Oh, Medieval Studies hit me hard!
I'd had to give myself a dressing-down,
A telling-off: "You want that cap and gown?
Then get your arse to lectures!" Bowland Yard
was frosty, unforgiving on my feet
that Monday morning. Seven forty-five?
I'm all alone? Is anyone alive?
I took the lecture theatre's highest seat,
(that is, remotest from the podium).
What sap gives lectures at this time of day?
"The Role of Guildsmen in the Passion Play" -
small wonder I was held in odium
by my professors.

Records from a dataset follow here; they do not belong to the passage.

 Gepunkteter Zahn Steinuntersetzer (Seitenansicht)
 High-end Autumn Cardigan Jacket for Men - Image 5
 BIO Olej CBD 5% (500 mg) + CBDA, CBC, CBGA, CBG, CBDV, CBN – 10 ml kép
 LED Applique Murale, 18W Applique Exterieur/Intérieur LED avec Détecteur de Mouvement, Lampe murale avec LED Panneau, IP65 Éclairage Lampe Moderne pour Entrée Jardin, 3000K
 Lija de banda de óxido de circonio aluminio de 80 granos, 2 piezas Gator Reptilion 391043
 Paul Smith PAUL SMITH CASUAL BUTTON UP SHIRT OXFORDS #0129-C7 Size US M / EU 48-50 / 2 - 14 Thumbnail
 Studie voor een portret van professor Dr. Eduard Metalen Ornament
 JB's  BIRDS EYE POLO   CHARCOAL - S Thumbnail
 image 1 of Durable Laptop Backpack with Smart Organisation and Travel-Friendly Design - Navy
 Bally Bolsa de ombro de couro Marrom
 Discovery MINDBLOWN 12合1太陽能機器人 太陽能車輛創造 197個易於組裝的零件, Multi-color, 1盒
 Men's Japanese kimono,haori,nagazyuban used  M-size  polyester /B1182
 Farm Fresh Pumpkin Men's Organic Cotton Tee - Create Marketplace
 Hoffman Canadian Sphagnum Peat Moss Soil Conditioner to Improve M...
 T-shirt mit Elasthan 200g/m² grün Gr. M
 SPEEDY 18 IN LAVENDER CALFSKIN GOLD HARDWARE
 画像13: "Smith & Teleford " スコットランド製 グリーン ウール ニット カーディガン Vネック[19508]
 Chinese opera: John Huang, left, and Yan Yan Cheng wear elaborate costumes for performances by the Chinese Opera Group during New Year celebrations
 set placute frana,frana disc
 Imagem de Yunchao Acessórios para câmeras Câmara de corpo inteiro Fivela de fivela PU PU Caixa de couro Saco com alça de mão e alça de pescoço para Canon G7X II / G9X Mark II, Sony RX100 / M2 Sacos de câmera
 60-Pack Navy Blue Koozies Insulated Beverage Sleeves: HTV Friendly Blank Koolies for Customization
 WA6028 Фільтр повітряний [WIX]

I'd been bent on passion,
and far too keen on play, to have a clue
what any of this meant, but now I knew
I had to sharpen up ... well, after a fashion.
That early stuff took place was news to me,
the party-loving fresher. One more yawn
resounded in the chilly air. Forlorn,
my scruffy pad took doodles, listlessly.
A door lisped open. In swayed Cheryl Ladd --
no, Rita Coolidge -- Buffy St. Marie.
Some little trinkets tinkled gracefully
as Buffy slid beside me. I hid my pad
with one swift forearm. "Is it taken?" She
bestowed on me a smile so sweetly knowing,
I didn't know if I was coming or going.
"This seat," she said. I stuttered, "No, it's free."
The lecture, when it happened, was a killer,
but I was insulated from all pain.
I even thought I might show up again,
with Miss World wafting something like vanilla.
I crossed the Yard with no thought but my bed,
but someone tugged my sleeve. That fragrance! Her!
"I'm Helen." My whole campus was a blur.
"I wonder ... could you help me, please?" she said.
The next part can be skipped, or summarised.
She wanted me to teach her Skelton, Chaucer -
well, anything. Even Hengist and Horsa!
Three lesson-dates went by. I hadn't wised
up yet. Tonight, she didn't seem that fussed
with Grendel's mother's vile propensity
for harm. She looked with strange intensity
full in my eyes. "You catching that last bus?"
The air seemed cooler as I left her flat.
No hug tonight. No pasta to take home.
Her hair stayed stolidly pinioned by her comb.
Somehow, our lessons died off after that.
Long decades drain away, we don't know how.
A moral to this tragic history?
All I can think is, what I'd give to be
nineteen again -- and know what I know now!